Amis si interroga sulle riduzioni cinematografiche e televisive di Orgoglio e pregiudizio, soprattutto sulla monumentale serie della BBC (1995), muovendo qualche rilievo sul fedele adattamento scritto da Andrew Davies. Va detto che la serie, diretta da Simon Langton, rese definitivamente Colin Firth Mr Darcy, con un’identificazione così completa da rappresentare per gli inglesi quasi un equivalente di quella di Laurence Olivier con Amleto. Ma il punto non è neanche questo. Al di là delle osservazioni idiosincratiche e – come d’abitudine – penetranti di Amis, il pezzo viaggia a un ritmo superiore rispetto a quello di una semplice prova di critica letteraria perché è costruito con un espediente già di per sé degno di nota, ossia partendo dalla descrizione della serata in cui lui e Salman Rushdie andarono al cinema per seguire Quattro matrimoni e un funerale: disapprovandolo, nonostante il consenso unanime dei presenti in sala.

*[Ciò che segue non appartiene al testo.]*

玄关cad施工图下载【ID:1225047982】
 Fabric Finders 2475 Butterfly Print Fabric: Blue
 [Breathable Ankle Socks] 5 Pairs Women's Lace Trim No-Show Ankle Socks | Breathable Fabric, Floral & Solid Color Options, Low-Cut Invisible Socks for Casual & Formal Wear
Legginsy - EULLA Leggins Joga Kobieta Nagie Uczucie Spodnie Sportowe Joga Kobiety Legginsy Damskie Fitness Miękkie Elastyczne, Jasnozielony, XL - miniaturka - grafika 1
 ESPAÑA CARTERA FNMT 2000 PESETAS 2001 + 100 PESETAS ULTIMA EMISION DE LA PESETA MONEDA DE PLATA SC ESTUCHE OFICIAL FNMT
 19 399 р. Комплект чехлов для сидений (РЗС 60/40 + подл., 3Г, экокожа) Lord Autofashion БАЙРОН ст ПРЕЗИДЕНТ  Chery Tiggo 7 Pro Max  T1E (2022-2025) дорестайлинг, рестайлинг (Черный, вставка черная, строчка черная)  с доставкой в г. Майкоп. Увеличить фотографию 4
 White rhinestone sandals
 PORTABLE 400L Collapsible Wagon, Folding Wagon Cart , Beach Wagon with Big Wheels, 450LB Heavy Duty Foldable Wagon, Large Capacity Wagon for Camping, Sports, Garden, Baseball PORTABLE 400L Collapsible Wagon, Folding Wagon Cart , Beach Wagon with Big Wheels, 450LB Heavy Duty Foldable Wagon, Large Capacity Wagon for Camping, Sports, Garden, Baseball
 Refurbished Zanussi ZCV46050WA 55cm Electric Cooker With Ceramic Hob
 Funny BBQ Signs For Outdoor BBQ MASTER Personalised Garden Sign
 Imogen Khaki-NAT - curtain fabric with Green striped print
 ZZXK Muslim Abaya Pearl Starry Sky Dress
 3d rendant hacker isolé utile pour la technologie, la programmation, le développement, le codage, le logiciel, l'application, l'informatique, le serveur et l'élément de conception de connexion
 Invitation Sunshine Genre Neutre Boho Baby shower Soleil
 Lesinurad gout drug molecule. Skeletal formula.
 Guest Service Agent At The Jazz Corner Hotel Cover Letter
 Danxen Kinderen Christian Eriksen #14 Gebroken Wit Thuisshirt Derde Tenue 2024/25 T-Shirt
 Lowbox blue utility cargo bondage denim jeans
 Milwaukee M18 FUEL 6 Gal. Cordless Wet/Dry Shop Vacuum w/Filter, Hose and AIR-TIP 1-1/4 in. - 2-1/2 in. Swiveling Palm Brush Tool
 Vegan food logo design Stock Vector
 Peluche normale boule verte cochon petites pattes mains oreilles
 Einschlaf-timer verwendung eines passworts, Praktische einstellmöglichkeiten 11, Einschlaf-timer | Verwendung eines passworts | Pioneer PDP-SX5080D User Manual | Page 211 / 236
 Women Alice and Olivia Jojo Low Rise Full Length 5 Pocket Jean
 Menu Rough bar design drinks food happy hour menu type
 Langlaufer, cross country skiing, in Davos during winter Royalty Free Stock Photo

Sarà anche vero, come scrive Amis, che in qualsiasi decennio del dopoguerra, esclusi gli anni Novanta, un film come quello avrebbe provocato reazioni di «incredulo disgusto» per la mancanza di serietà e l’induzione a «fare il tifo per i ricchi», ma bisogna pur dire che questa edizione ridotta del mondo di Jane Austen, in cui il «sorrisetto» sostituisce l’intelligenza, ha offerto ai desideri del pubblico qualcosa che si allontana dal romanzo per ritornare verso una fiaba, appena corretta dal finale agrodolce. Del resto, credo che sia ugualmente indiscutibile che in nessun decennio del dopoguerra, esclusi gli anni Novanta, la speranza in un tenore di vita migliore sia cominciata a venire meno. Bisogna riconoscere che in certi contesti la fiaba incontra una ricezione più favorevole.

Ad ogni modo, con Amis non ci si può annoiare perché anche le riserve in questo libro mantengono una vivacità che ci riporta all’impressione iniziale. Capita, infatti, che, mentre è intento a conquistarci col risultato delle sue intuizioni, Amis osservi lo scrittore di cui parla – si tratti del suo amico Christopher Hitchens o di Don DeLillo – con una pietra in mano. Su Philip Roth, ad esempio, a cui riconosce di aver scritto almeno altri tre capolavori, oltre a Il lamento di Portnoy e La mia vita di uomo (ossia: Lo scrittore fantasma, La controvita e Pastorale americana), quando serve, come si dice, non la fa poi tanto lunga:

La nostra gang, scritto «in tempo tre mesi» è una satira triste e tutt’altro che divertente sull’amministrazione Nixon («Trick E. Dixon»?); Il seno, scritto «nell’arco di poche settimane», vede la trasformazione del protagonista in un’enorme ghiandola mammaria (un particolare davvero poco promettente); e Il grande romanzo americano, 382 pagine sul baseball, è l’esercizio di un hobbista nella spiritosaggine virtuosistica. Si può dire che sia stata una prova di coraggio da parte sua: in successione ravvicinata, 1971, 1972, 1973 Roth – chiaramente uno scrittore geniale – è riuscito a tirar fuori tre assoluti bidoni.

Per il lettore è una festa. Forse solo le parti sulla politica e sullo sport suonano leggermente inferiori, come se la passione si manifestasse con un tono meno acceso e lo smalto dello stile, steso su un soggetto troppo eterogeneo, non riuscisse a brillare. Gli ultimi pezzi, più composti, ritornano sui suoi standard: il ritratto di Christopher Hitchens («ognuno di noi è unico, ma Christopher era eccezionale»), la vita di Saul Bellow e le lettere di Nabokov a Véra in cui esprime la sua «esuberante venerazione» per la moglie, durata oltre mezzo secolo.